Wow. The calendar has flipped a couple pages since I posted the first two parts of this feature about a shelf in my office that's crammed with little bits of writerly inspiration. If you need a refresher, check out Part 1 and Part 2 of The Bradbury Shelf, where you can read about my love of both Ray Bradbury and Universal Monsters -- two staple ingredients found in the Frankensteinian lab that cooked up most of us Boomer-era monsterkids.

Moving over to the right side of the shelf (seen above), you'll find a couple more tips o' the hat to the Universal monsters, namely the Wolf Man. Lon Chaney, Jr.'s Larry Talbot was my absolute favorite monster as a kid, and that early fascination with a cursed character who's looking for a final exit probably goes a long way toward explaining why I still favor anti-heroes to this day. (And, yep, the box over there on the right is a Wolf Man model kit. Though this one's a reissue, I had all the original Aurora monster models as a kid, even those rarer ones like The Witch and The Bride of Frankenstein. Unfortunately, my collection came to a sad end one year when I got a Daisy BB gun for a birthday present -- and more's the pity. After the big gundown, I felt like I'd lined my best friends up against a wall and played executioner; which may sound melodramatic, but, hey, that's the way I felt.)

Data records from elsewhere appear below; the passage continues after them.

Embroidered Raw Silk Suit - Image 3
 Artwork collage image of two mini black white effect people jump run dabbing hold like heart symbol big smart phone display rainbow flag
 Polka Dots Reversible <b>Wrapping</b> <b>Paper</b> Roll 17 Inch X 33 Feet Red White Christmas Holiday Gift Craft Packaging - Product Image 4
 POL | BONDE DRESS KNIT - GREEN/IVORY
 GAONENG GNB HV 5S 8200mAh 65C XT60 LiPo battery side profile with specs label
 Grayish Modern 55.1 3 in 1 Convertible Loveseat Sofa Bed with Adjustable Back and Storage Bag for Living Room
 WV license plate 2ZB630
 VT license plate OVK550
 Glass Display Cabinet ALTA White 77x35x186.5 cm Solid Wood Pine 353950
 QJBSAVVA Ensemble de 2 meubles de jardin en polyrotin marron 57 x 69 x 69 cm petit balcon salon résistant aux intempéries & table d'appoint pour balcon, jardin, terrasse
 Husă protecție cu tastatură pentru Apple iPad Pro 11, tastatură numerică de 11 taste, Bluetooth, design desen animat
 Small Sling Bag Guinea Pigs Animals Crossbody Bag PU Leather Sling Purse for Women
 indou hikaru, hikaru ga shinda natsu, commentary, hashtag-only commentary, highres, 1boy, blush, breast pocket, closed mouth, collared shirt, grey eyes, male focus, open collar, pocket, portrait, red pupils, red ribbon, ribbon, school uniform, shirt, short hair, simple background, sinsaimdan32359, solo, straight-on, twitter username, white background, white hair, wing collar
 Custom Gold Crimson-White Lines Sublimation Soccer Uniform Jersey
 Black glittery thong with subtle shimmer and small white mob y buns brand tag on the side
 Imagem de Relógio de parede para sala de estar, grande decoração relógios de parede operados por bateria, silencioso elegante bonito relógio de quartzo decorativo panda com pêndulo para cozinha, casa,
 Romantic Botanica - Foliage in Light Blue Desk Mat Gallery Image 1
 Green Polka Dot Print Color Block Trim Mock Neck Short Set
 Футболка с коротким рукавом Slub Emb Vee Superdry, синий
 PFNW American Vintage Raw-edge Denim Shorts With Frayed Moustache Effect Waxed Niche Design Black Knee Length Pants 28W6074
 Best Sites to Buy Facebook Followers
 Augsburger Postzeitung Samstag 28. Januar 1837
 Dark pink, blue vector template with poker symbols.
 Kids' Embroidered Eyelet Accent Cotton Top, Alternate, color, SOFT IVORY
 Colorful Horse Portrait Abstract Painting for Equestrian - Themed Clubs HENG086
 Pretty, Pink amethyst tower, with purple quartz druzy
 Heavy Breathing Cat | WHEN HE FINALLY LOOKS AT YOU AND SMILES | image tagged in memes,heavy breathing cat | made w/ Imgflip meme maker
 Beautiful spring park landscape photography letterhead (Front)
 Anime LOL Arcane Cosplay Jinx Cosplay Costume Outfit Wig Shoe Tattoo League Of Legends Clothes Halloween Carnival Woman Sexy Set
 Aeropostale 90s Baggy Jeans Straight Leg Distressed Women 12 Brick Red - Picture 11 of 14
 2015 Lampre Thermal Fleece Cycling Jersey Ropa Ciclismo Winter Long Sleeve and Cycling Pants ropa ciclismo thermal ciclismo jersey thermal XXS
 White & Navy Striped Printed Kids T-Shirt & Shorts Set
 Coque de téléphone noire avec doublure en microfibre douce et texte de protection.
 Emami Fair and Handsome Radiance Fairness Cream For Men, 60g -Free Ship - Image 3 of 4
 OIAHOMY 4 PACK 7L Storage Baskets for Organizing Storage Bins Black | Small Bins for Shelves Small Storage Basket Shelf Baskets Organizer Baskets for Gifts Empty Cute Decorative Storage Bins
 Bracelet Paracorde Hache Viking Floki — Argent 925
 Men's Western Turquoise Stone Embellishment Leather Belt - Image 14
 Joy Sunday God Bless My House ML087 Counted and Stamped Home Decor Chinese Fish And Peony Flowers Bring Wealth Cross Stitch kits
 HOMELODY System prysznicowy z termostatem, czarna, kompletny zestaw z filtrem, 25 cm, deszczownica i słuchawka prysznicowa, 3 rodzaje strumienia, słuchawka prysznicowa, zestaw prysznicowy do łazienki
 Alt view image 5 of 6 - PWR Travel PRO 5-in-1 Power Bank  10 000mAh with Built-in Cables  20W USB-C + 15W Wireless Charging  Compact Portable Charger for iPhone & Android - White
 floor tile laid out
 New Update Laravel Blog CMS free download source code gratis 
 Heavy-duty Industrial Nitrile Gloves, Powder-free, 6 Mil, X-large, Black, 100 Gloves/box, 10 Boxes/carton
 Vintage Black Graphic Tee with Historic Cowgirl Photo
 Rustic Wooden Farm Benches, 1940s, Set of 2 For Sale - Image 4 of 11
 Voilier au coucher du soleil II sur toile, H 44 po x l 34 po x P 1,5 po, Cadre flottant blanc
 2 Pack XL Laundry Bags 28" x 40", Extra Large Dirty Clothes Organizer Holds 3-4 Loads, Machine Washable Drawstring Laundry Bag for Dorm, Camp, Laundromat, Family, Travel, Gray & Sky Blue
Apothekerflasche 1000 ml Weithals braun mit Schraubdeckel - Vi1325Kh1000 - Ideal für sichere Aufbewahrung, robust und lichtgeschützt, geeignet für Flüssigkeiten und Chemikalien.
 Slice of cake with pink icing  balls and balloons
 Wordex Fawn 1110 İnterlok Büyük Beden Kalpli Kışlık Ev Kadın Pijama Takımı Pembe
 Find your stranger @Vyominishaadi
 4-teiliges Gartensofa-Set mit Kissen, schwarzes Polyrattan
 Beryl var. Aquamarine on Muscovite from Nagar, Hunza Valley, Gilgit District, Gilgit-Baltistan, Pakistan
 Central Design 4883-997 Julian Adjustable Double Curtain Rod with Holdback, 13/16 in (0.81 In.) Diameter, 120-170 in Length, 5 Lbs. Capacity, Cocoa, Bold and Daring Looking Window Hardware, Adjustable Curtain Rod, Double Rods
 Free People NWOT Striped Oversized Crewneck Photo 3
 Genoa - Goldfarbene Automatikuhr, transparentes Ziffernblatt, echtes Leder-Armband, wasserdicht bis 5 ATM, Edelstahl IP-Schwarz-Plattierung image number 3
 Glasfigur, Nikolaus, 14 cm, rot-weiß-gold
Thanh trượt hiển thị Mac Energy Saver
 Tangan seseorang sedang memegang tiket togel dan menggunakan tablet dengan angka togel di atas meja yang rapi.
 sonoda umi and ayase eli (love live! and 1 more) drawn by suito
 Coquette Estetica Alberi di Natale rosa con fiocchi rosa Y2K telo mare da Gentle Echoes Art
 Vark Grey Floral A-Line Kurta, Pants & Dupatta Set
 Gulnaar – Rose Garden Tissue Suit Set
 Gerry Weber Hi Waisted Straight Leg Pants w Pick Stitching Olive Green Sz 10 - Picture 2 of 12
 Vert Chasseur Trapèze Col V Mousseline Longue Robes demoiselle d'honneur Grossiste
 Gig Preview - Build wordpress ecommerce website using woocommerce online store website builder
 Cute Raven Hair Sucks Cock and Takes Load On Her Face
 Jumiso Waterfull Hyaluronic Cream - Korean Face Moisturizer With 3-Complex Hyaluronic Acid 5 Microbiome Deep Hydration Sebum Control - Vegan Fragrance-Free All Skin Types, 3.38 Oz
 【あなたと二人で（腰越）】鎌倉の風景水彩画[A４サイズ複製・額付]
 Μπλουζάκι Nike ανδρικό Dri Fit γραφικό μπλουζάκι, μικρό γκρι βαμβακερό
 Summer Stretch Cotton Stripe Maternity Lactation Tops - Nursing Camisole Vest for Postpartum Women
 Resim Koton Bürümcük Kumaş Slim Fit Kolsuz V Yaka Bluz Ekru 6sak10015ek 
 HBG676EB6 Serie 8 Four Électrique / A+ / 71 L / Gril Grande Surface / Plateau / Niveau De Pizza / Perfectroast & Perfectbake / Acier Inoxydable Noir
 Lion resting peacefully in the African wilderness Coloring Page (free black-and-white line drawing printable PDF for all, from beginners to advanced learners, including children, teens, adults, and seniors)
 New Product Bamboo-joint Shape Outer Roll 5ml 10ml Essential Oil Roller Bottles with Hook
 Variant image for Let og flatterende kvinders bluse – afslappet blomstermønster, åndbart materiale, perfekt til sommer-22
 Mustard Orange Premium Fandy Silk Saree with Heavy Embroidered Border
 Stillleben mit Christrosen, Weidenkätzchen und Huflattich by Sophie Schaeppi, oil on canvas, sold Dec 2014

Besides ol' Lon, this section of the Bradbury shelf also has some writing-related items. Smack dab in the middle is my first Bram Stoker award, presented for my short story collection Mr. Fox and Other Feral Tales in 1993. I've received two other Stokers from the Horror Writers Association, and each one of them is a little different, depending on the year they were awarded. The mold is the same (I believe it's a Gahan Wilson design), but the coloring varies quite a bit depending on the year of issue. Anyway, it's my goal to get five of these little houses. Then I want to enforce the Monopoly board-game rule and turn 'em in to the HWA in exchange for the Bates Motel. I don't know if it'll work, but I intend to try.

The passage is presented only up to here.